The data =>
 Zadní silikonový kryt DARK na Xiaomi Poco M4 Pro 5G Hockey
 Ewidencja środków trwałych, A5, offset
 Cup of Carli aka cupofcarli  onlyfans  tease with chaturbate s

---

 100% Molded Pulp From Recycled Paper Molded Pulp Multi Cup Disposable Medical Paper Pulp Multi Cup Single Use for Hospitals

Action item => In the listing above, find the line holding "Zadní silikonový kryt" and the line holding "Cup of Carli", then output those two lines and every line between them exactly.

Result for this task =>
 Zadní silikonový kryt DARK na Xiaomi Poco M4 Pro 5G Hockey
 Ewidencja środków trwałych, A5, offset
 Cup of Carli aka cupofcarli  onlyfans  tease with chaturbate s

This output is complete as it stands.